Под развалинами Помпеи. Т. 1
Вечером того же дня Ливия позвала ее к себе.
Стоя в tablinum[118] в ожидании своей госпожи, Фебе увидела тут же армянского купца, разбиравшего свои дорогие товары. С любопытством, естественным у молодой девушки, смотрела она на материи из тончайшего лаконийского пурпура, на ковры красивой работы, на сосуды с восточными маслами и эссенциями и на прочие редкости чужих стран.
Взглянув несколько раз на молодую невольницу, армянин, подойдя к ней, спросил ее таинственным шепотом:
– Не ты ли Фебе?
– Да, я.
– Эта записка к тебе и к твоей подруге. Не здесь ли Тикэ?
– Здесь.
– Спрячь поскорее, – быстро проговорил купец.
Он услышал шелест женского платья, приближавшийся к дверям. Молодая девушка сунула скрученную записку за пазуху, между indusiata vestis и subucula[119].
Мгновение спустя в комнату вошла Ливия Августа.
– Ты армянский купец? – обратилась она к мужчине.
– Так меня называют здесь, но я родом парфянин и зовусь Азинием Эпикадом. Недавно я прибыл с востока, и вот товары, которые ты желала видеть.
Ливия стала рассматривать товары и некоторые из них отложила в сторону.
– Вот это я беру, – сказала она купцу— Ступай к моему казначею, старому Амианту[120], он заплатит тебе, что следует.
Эпикад низко поклонился и ушел с остальными товарами, не показывая и вида, что заметил молодую невольницу, бывшую немой свидетельницей покупки, сделанной Ливией Августой.
Невольница почтительно стояла, ожидая услышать от своей госпожи причину, по которой она требовала ее к себе.
Ливия, взяв в руки золотое ожерелье и отдавая его невольнице, сказала:
– Возьми его, дитя, и храни на память обо мне.
Фебе, опустив голову, не решалась протянуть руки, будучи поражена такой щедростью своей госпожи.
– Бери его, девушка, – настаивала Ливия, – в минуту разлуки со мной пусть эта вещь будет знаком того расположения, какое я имела к тебе с той самой минуты, как ты вступила в дом Августа.
– О государыня! – воскликнула молодая девушка с искренней грустью. – Разве мне приходится расстаться с тобой?
– Да, Фебе, но на короткое время.
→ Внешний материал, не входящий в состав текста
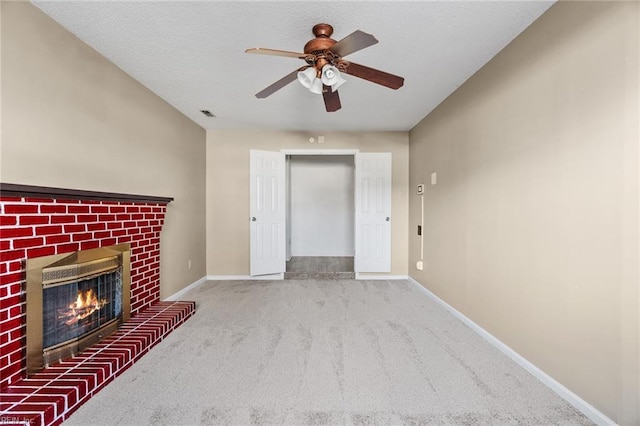 unfurnished living room featuring ceiling fan, a fireplace, and carpet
Разве ты не пожелаешь услужить Ливии?
– О, разумеется; но оставить тебя…
– Выслушай. Я хочу доверить тебе одно дело, но такое, которое может быть доверено лишь сердцу, преданному мне…
Фебе слушала, вновь опустив голову.
– Я посылаю тебя на юг Италии, на берег того моря, который недалек от твоей Греции, куда ты скоро возвратишься свободной.
Улыбка сильной радости озарила лицо девушки.
– Но мне необходимо иметь доказательство твоей полной преданности ко мне. Ты останешься, сколько я захочу, у дочери твоего и моего государя, у Юлии в Реджио, и оттуда ты будешь сообщать мне все, что происходит в уме этой несчастной, принесшей много неудовольствия мне и отцу своему, но к которой мы желаем быть милостивы. В состоянии ли ты впредь выполнить такое поручение?
– Разве не тебе я принадлежу? – спросила почтительно Фебе. – Но я охотнее осталась бы в Риме, близ тебя, – добавила боязливо бедная девушка.
– Нет, я желаю, чтобы ты ехала, – заключила Ливия тоном, не допускавшим возражений. – Остальные приказания ты получишь перед своим отъездом.
И, не говоря более ни слова, Ливия, повернувшись к двери, вышла из комнаты.
Медленным шагом возвратилась Фебе в гинекей; рыдая, бросилась она в объятия Тикэ, поджидавшей ее тут.
– Что случилось с тобой, Фебе? – спросила Неволея.
Фебе передала ей подробно свой разговор с Ливией.
Расстроенные происшедшим, обе подруги в немой тоске обнимали друг друга. Первой пришла в себя дочь Леосфена. Как бы припомнив что-то, она ударила себя по лбу рукой и, засунув руку за пазуху, достала оттуда пергамент; подавая его Неволее, она сказала:
– Я забыла об этом; прочти.
Развернув пергамент, Неволея прочла:
«Сестрам Тикэ и Фебе.
Адрамитянин и навклер уже уехали: они клялись вернуться и во что бы то ни стало сделать вас свободными. Фебе так же любима, как Неволея. Не падайте духом и будьте терпеливы; любви все доступно. Я исполню, с помощью богов, обещание, данное мной навклеру».
– Это пишет Юлия, жена Луция Эмилия Павла, – сказала Неволея. – Она не подписала своего имени, но мне знаком ее почерк.
– Но ведь он не застанет уже меня в Риме! – воскликнула с отчаянием Фебе.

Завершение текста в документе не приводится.